What needs to be done – Reproduce the opening lines of the listing below exactly, stopping after the line that contains "This is not" and leaving out any pictures.

Information shown –
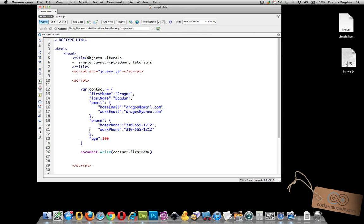So now this structure is a bit cleaner because now I have a main category that has email as part of the contact and under email I have two different kind of email addresses, one that's the home email and one that's the work email.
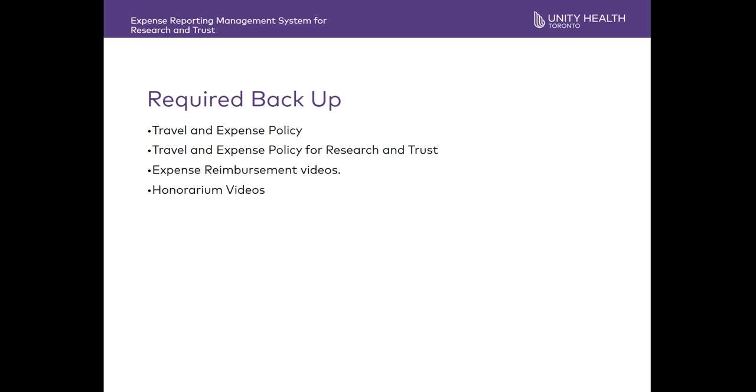Required backup. It is important to ensure you provide the appropriate backup when submitting your expense reimbursement. Please review the mentioned policies and videos to ensure the backup is available for the type of expense.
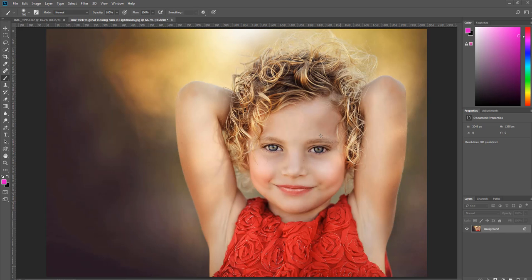Hey there, it's Emily with CozyClicks and I'm going to show you how to add heart bokeh to your photos in Photoshop. I've heard several pronunciations but for this video let's go with 'bokeh.' To add in the heart bokeh it's pretty easy, and I have four free overlays on the CozyClicks site for you.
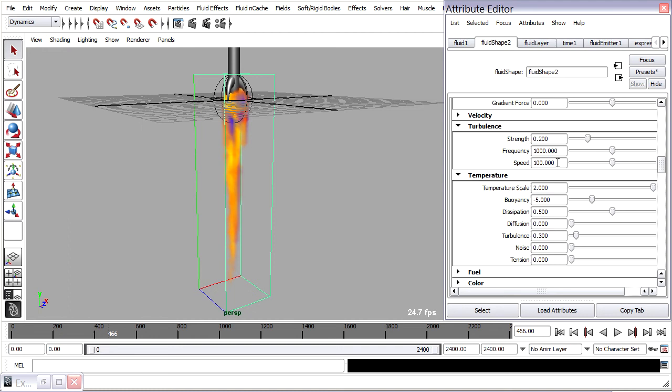We've got our fluid roughed out but we're still in a sort of preview mode because we've got fairly low settings for our container.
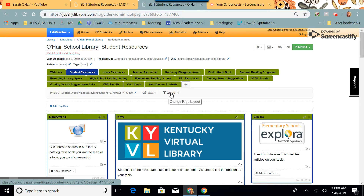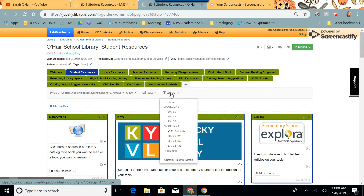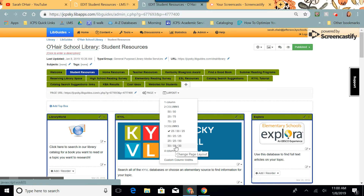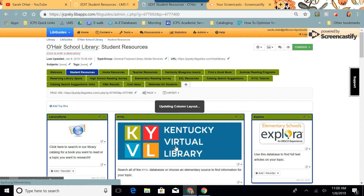you'll come here to the drop-down menu layout, and you will choose the option that you would like to try. These are in percentages, and so I'm going to try it and see how it looks at three columns at 33, 33, and 33.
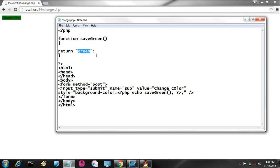This is not a color directly — you can see this is text. It returns a text whose name is green, and green is printed. Due to this, the background color of the button is changed.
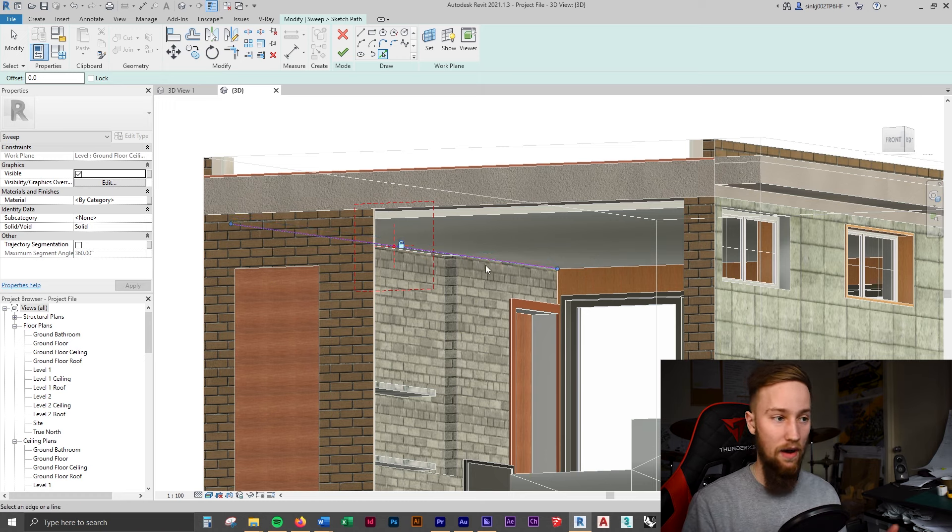So let's go ahead and trim or extend these lines. Now, I've just hit TR to bring up the trim or extend tool. I'm going to select the lines that we want to trim back to, which is this here. And then select the other line. I'm just going to click unjoin elements. And that looks pretty good. Now, as you can see, the cornice is currently going to be going over the windows, which is not necessarily what we want. We want those windows to be free of any cornices.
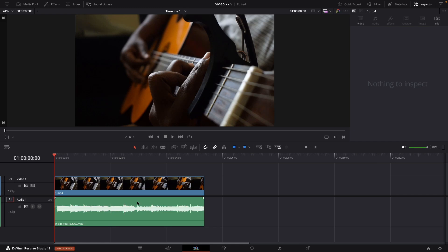I already have an audio file that I want to fade out. Simply hover over your audio file and you will see two arrows on the right side and all the way on the left side. Start by dragging it — this portion here turns gray, indicating the audio is faded out.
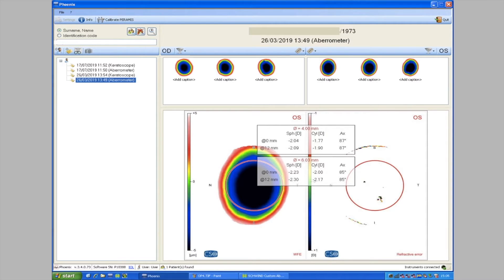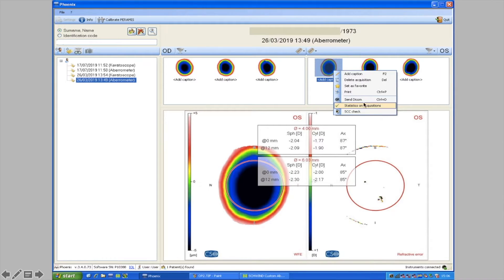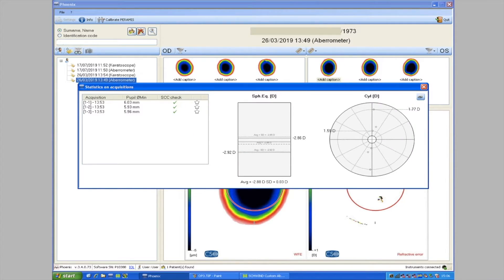Once we've acquired three scans we review them in the Phoenix software, which we've got open here. We're going to focus on the treatment of the left eye of someone in the presbyopic age group as an example. The first thing to do is right-click on one of these scans to get a dropdown dialog box, then click on 'Statistics on Acquisitions'. You'll then see this information drop out, which includes quality indicators for the scan.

Solution for this task –
So now this structure is a bit cleaner because now I have a main category that has email as part of the contact and under email I have two different kind of email addresses, one that's the home email and one that's the work email.
Required backup. It is important to ensure you provide the appropriate backup when submitting your expense reimbursement. Please review the mentioned policies and videos to ensure the backup is available for the type of expense.
Hey there, it's Emily with CozyClicks and I'm going to show you how to add heart bokeh to your photos in Photoshop. I've heard several pronunciations but for this video let's go with 'bokeh.' To add in the heart bokeh it's pretty easy, and I have four free overlays on the CozyClicks site for you.
We've got our fluid roughed out but we're still in a sort of preview mode because we've got fairly low settings for our container.
you'll come here to the drop-down menu layout, and you will choose the option that you would like to try. These are in percentages, and so I'm going to try it and see how it looks at three columns at 33, 33, and 33.
This is not a color directly — you can see this is text. It returns a text whose name is green, and green is printed. Due to this, the background color of the button is changed.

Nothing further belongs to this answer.